Configuration#

Cubed uses Donfig for managing configuration of things like the directory used for temporary files, or for setting executor properties.

This page covers how to specify configuration properties, and a reference with all the configuration options that you can use in Cubed.

Specification#

There are three main ways of specifying configuration in Cubed:

  1. by instantiating a Spec object,

  2. by using a YAML file and setting the CUBED_CONFIG environment variable, or

  3. by setting environment variables for individual properties.

We look at each in turn.

Spec object#

This is how you configure Cubed directly from within a Python program - by instantiating a Spec object:

import cubed

spec = cubed.Spec(
    work_dir="s3://cubed-tomwhite-temp",
    allowed_mem="2GB",
    executor_name="lithops",
    executor_options=dict(use_backups=False, runtime="cubed-runtime", runtime_memory=2000)
)

The spec instance is then passed to array creation functions as follows:

import cubed.array_api as xp

a = cubed.random.random((50000, 50000), chunks=(5000, 5000), spec=spec)
b = cubed.random.random((50000, 50000), chunks=(5000, 5000), spec=spec)
c = xp.add(a, b)

All arrays in any given computation must share the same spec instance.

YAML file#

A YAML file is a good way to encapsulate the configuration in a single file that lives outside the Python program. It’s a useful way to package up the settings for running using a particular executor, so it can be reused. The Cubed examples use YAML files for this reason.

spec:
  work_dir: "s3://cubed-$USER-temp"
  allowed_mem: "2GB"
  executor_name: "lithops"
  executor_options:
    use_backups: False
    runtime: "cubed-runtime"
    runtime_memory: 2000

Note that YAML files can use environment variables - in this example $USER will be expanded appropriately.

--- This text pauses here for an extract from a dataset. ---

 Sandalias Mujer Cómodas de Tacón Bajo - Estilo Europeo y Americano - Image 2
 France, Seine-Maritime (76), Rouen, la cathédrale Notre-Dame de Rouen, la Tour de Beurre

To use the YAML file, set the CUBED_CONFIG environment variable to the file path before invoking your Python program:

CUBED_CONFIG=/path/to/cubed.yaml python ...

Donfig will actually look for YAML files in a variety of locations, see the Donfig docs for details.

Environment variables#

You can also set Donfig-style environment variables to set individual properties. Notice how double underscores are used to indicate nesting.

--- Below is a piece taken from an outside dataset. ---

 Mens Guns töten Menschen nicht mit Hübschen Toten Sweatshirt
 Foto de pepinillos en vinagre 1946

export CUBED_SPEC__WORK_DIR='s3://cubed-$USER-temp'
export CUBED_SPEC__ALLOWED_MEM=2GB
export CUBED_SPEC__EXECUTOR_NAME=lithops
export CUBED_SPEC__EXECUTOR_OPTIONS__USE_BACKUPS=False
export CUBED_SPEC__EXECUTOR_OPTIONS__RUNTIME=cubed-runtime
export CUBED_SPEC__EXECUTOR_OPTIONS__RUNTIME_MEMORY=2000

This can be handy if you only have a couple of properties to set:

CUBED_SPEC__ALLOWED_MEM=2GB CUBED_SPEC__EXECUTOR_NAME=processes python ...

Reference#

Spec options#

These properties can be passed directly to the Spec constructor. Or, equivalently, they are directly under spec in a YAML file.

Property

Default

Description

work_dir

None

The directory path (specified as an fsspec URL) used for storing intermediate data. If not set, the user’s temporary directory is used.

allowed_mem

"2GB"

The total memory available to a worker for running a task. This includes any reserved_mem that has been set.

reserved_mem

"100MB"

The memory reserved on a worker for non-data use when running a task

executor_name

"threads"

The executor for running computations. One of "single-threaded", "threads", "processes", "beam", "coiled", "dask", "lithops", "modal".

executor_options

None

Options to pass to the executor on construction. See below for possible options for each executor.

zarr_compressor

"default"

The compressor used by Zarr for intermediate data. If not specified, or set to "default", Zarr will use the default Blosc compressor. If set to None, compression is disabled, which can be a good option when using local storage. Use a dictionary (or nested YAML) to configure arbitrary compression using Numcodecs.

Executor options#

Different executors support different options. They are listed here for each executor.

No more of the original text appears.